Posted by sportsmaven on January 17, 2009

The new year has already started and amidst the resolutions, fresh starts, diets, and new beginnings comes the ever reverent look back at the year that has passed.  The year 2008 was a banner year for Chicago sports, as three teams won their prospective division titles, and one, the Chicago Wolves won a championship.  There was good, bad, ugly, and everything in between for Chicago sports fans.  So, lets take a look back on the Top 10 Moments in Chicago Sports in 2008 (in no particular order):
Bears use goal line stand to beat the Eagles 24-20

Bears use goal line stand to beat the Eagles 24-20

Bears goal line stand against the Philadelphia Eagles in Week 4 – The Chicago Bears were leading the Philadelphia Eagles 24-20, Eagles had first and goal from the Bears 4, 5:40 left in the game.  Eagles run RB Cornell Buckhalter off right tackle for 3 yards.  Second and goal was a handoff to FB Tony Hunt for no gain.  Third down was back to Buckhalter to the right for no gain.  Eagles call a time out and decide to go for it on 4th down.   Buckhalter again off left tackle, this time, stood up by RE Alex Brown of the Bears for no gain.  Game over.  Bears win.

Zambrano hurls a no-hitter.

Zambrano hurls a no-hitter.

Cubs RHP Carlos Zambrano throws no-hitter against the Houston Astros on Sept. 14th –  The Chicago Cubs and Houston Astros waited two long days to find out where they would be playing their key late season series against each other.  Houston was being devestated by Hurricane Ike and MLB moved the Astros to “neutral” Miller Park in Milwaukee to face the Cubs.  Zambrano brought his “A” game with him to “Wrigley North”, shutting down the powerful Astros lineup, striking out CF Darrin Erstad swinging for the last out of the first Cubs no-hitter in 36 years.

Chicago Cubs Win 2008 NL Central Division

Chicago Cubs Win 2008 NL Central Division

Cubs win back to back NL Central Division titles – The Cubs began the 2008 season with one of it’s goals to win the 2008 NL Central Division title, as well as seeking their first World Series appearance since 1945 and first World Championship since 1908.  Alas, the Cubs could only slay one 100 year drought, as they won an NL-best 97 games en route to the 2008 NL Central Division title for their  first back to back division titles since 1908.  A quick sweep in the NL Divisional Series by the hands of the Los Angeles Dodgers dimmed what was to that point, a most magical season for the North Siders.

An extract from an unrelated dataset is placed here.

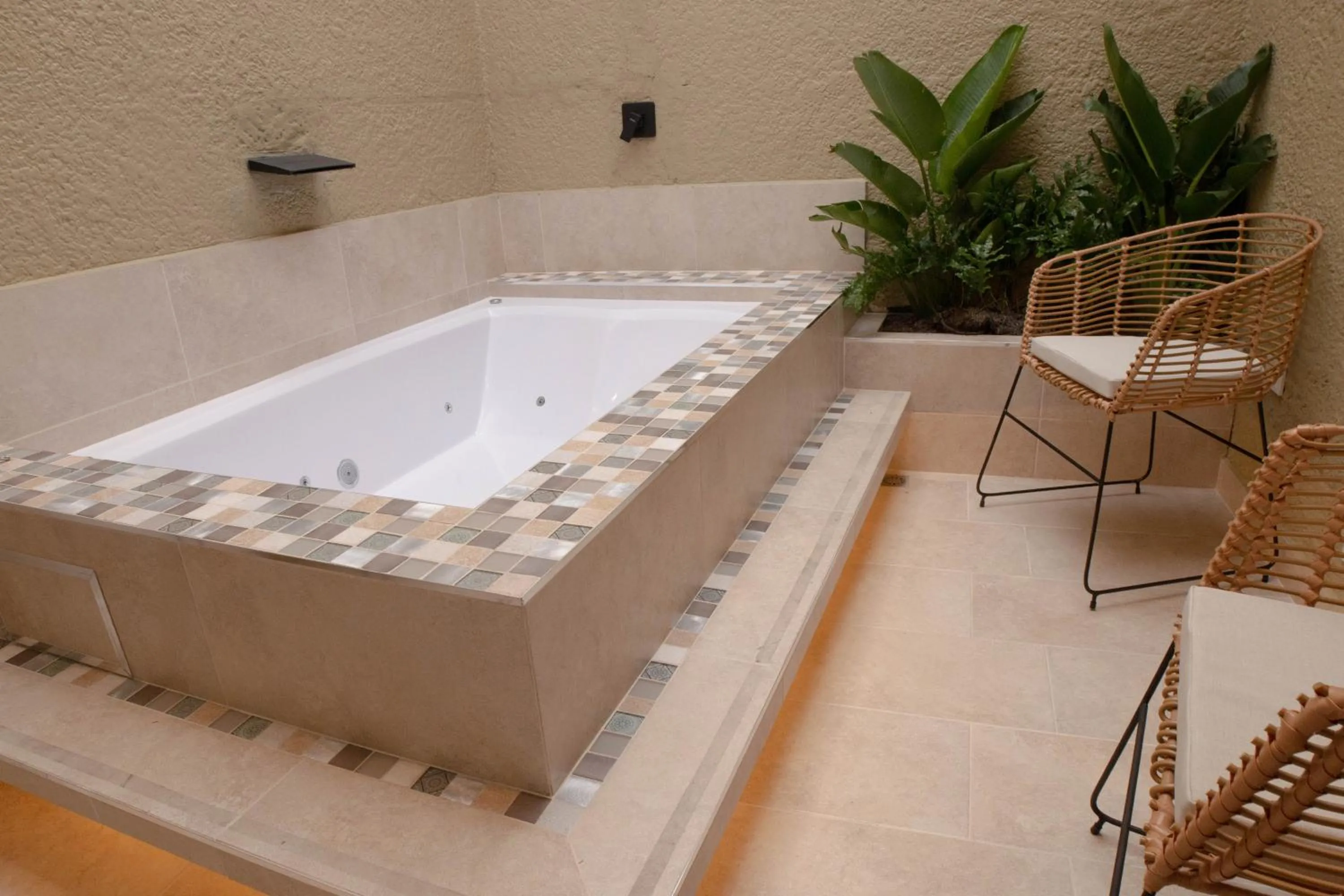 Hot Tub in La Casona Hotel Boutique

chicago white sox win 2008 al central division title

chicago white sox win 2008 al central division title

White Sox win 3 elimination games in a row to win the AL Central title — The Chicago White Sox looked dead in the water, losing  4 of their final 5 games to the Minnesota Twins and Cleveland Indians, coughing up a 2.5 game division lead and falling 1/2 game behind the Twins with one game to play.  The final game of the Cleveland series and the regular season was a must win game with Mark Buehrle on the bump, the Sox beat the Indians to force the Monday afternoon post-season makeup game against the Detroit Tigers.  The Sox win the makeup game against the Tigers, forcing a one game playoff game against the Twins for the AL Division title, this time, in Chicago.   The Sox, behind a masterpiece by LHP John Danks, beat the Twins 1-0 and claim the AL Central Division title, winning three elimination games in a row.

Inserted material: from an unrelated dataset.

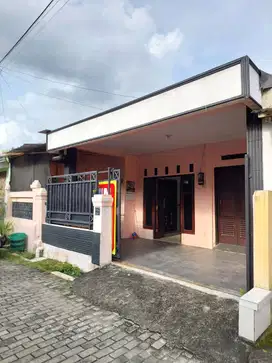 Rumah Strategis Harga Ekonomis di Wedomartani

derrick rose drafted #1 by chicago bulls

derrick rose drafted #1 by chicago bulls

Chicago Bulls win the 1st pick in the NBA Draft and the right to select PG Derrick Rose Chicago Bulls GM John Paxson had to work wonders to undo all the bad karma and decision-making by Bulls brass in the post-Michael Jordan/Phil Jackson era, but by sheer luck,  one of those bouncing ping-pong ball went red, and the Bulls, with a x% chance, landed the #1 pick in the 2008 NBA draft.  Around the same time, a young freshman PG from Chicago was leading his one-loss  Memphis Tigers team to the 2008 National Championship game against the Kansas Jayhawks.  The Jayhawks win the title, the young freshman forgoes his eligibility and declares eligible for the NBA Draft and the prodigal son returns a hero.

The City of Chicago becomes a finalist for host city for the 2016 Olympic Summer Games – Chicago survived the US bid process to emerge as the US entry for host of the 2016 Olympics.  Election Night provided the world a glimpse of what Chicago 2016 could be as Grant Park served as the world’s stage for President-Elect Barack Obama’s election night speech.  Chicago is President Obama’s hometown and can be in prime position to be named 2016 host, but it can’t rest on that momentum as concerns about finances, transportation infrastructure, and sports facilities still shroud Chicago’s Olympic bid chances.

Youngsters lead the resurgence of the Chicago Blackhawks

Youngsters lead the resurgence of the Chicago Blackhawks

The arrival of a young and resurgent Chicago Blackhawks hockey team, who finished  the 2007-08 season very strong and opened the 2008-09 season even stronger – the Chicago Blackhawks under owner Bill Wirtz became the city’s red headed stepchild of Chicago professional sports.  Even the minor league AHL hockey team, the Chicago Wolves, were outdrawing the Hawks in attendance.  Things couldn’t have been any lower, and then, Bill Wirtz died.  Bill’s son Rocky took the team over and his first move as team owner was to steal marketing genius John McDonough away from the Cubs, hiring McDonough as his new team president.  A change in coaches (Joel Quenneville in, Denis Savard out), a #1, and #3  draft pick later, youngsters C Jonathan Toews and RW Patrick Kane lead a marketing and on-ice resurgence of the Chicago Blackhawks.  High point to date, a team best 9 game winning streak leading into the 2009 Winter Classic against the Detroit Red Wings.  The game resulted in a loss for the Blackhawks in the standings, but was a HUGE win for the Hawks in prestige and heritage.  A vintage Original Six team is reborn.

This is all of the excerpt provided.